From the Popular Science archive, the story of Amelia Earhart's historic journey on June 17, 1928.

“First Woman Flies Overseas,” republished in full below, originally appeared in the September 1928 issue of Popular Science_ magazine. On June 17, 1928, 30-year-old Amelia Earhart became the first woman to cross the Atlantic Ocean in an airplane._

“The flight of the Friendship is intended to point the road toward the seaplane instead of the land plane as a means of flying across oceans, and multiple-engined planes instead of single-engined. It will help toward more comfortable flying; when women demand planes not only comfortable, but luxurious, men will build them.”

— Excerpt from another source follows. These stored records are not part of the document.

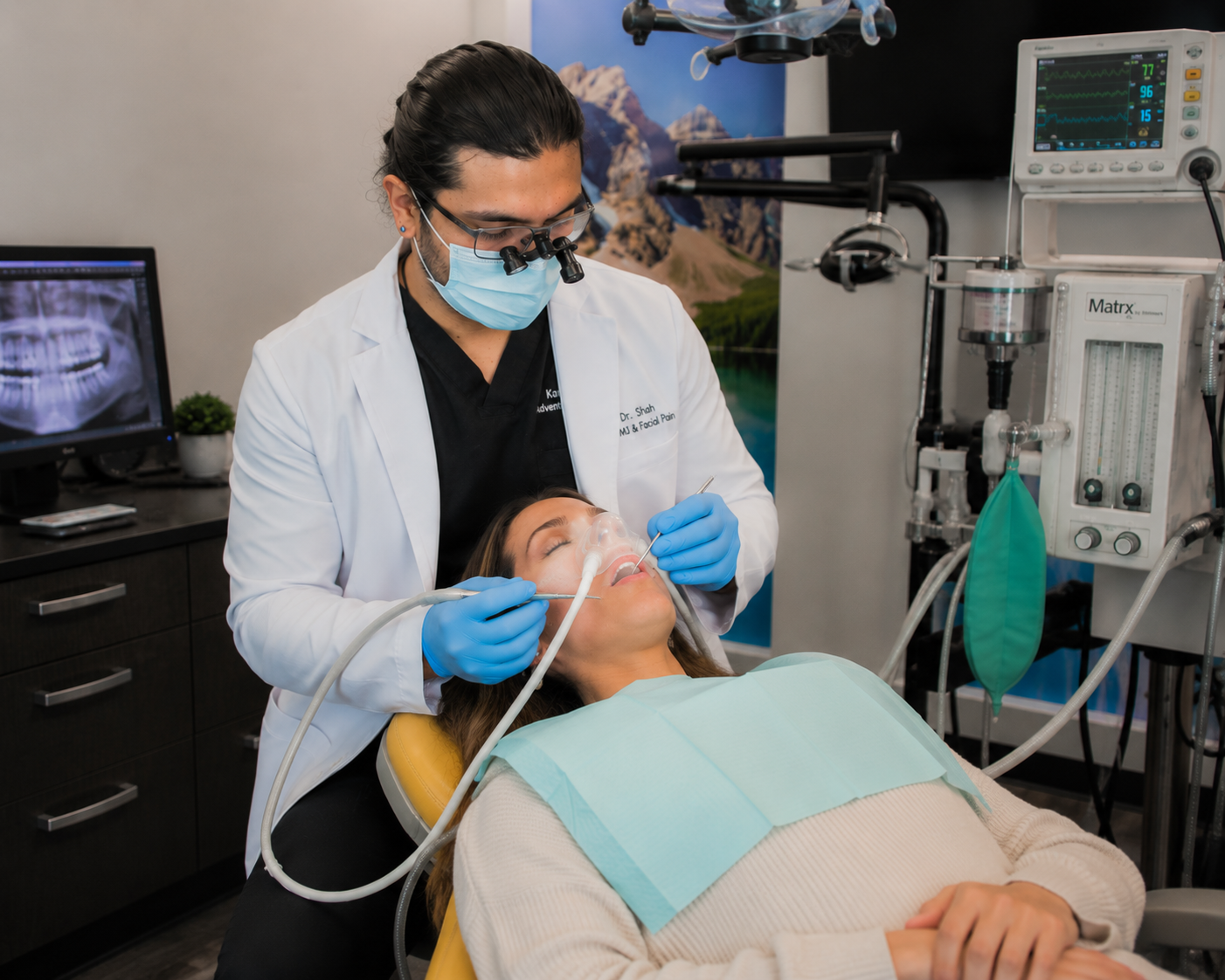 Dr. Karnik Shah performing a dental procedure on a sedated female patient wearing a nitrous oxide mask with a vital signs monitor in the background at Comfydent Smiles in Bee Cave, TX.
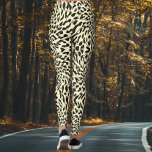 Leggings Impresión de Safari de Cream Leopard<br><div class="desc">Las leggings con huellas de leopardo de Safari Cream son una opción audaz y de moda, con un Creambackground vívido y un intrincado patrón de impresión de leopardo. La combinación única del llamativo color crema y la clásica huella de leopardo crea una fascinante fusión de estética moderna y animalista. Estas...</div>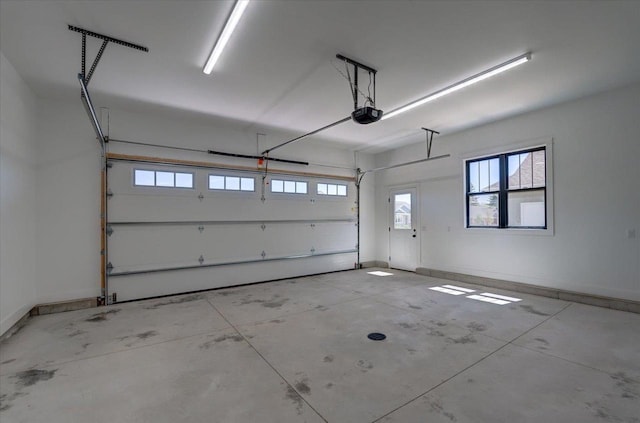 713 Kennedy St, Sauk City, WI 53583 - garage featuring a garage door opener and baseboards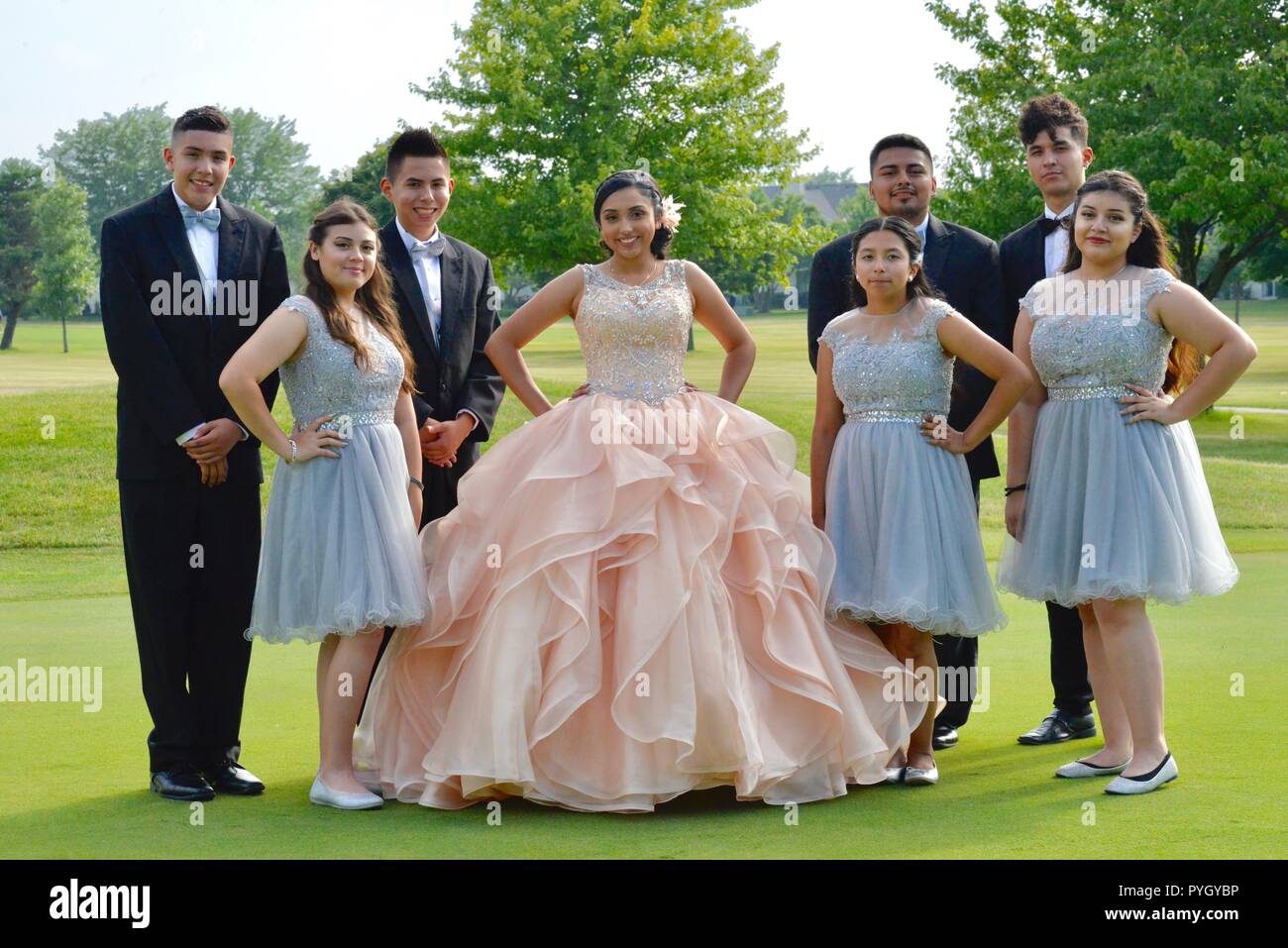 Mexican teenagers posing on golf course for Sweet 16 Stock Photo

Those statements of Miss Amelia Earhart, the first woman to fly across the Atlantic, expressed the true importance of her recent flight, with Wilmer Stultz, pilot, and Lou Gordon, co-pilot, from Trepassey Bay, Newfoundland, to Burry Port, Wales. In less than twenty-two hours they flew 2,000 miles, much of the way through fog.

Their machine was a three-motored Fokker seaplane, originally designed for Commander Richard E. Byrd’s Antarctic expedition. It was the first crossing in a plane equipped with pontoons, on which to float if forced down.

Daring a journey which already had cost the lives of three women, Miss Earhart had planned herself to handle the controls, but fog, and the consequent necessity of flying by instruments alone, prevented that added glory.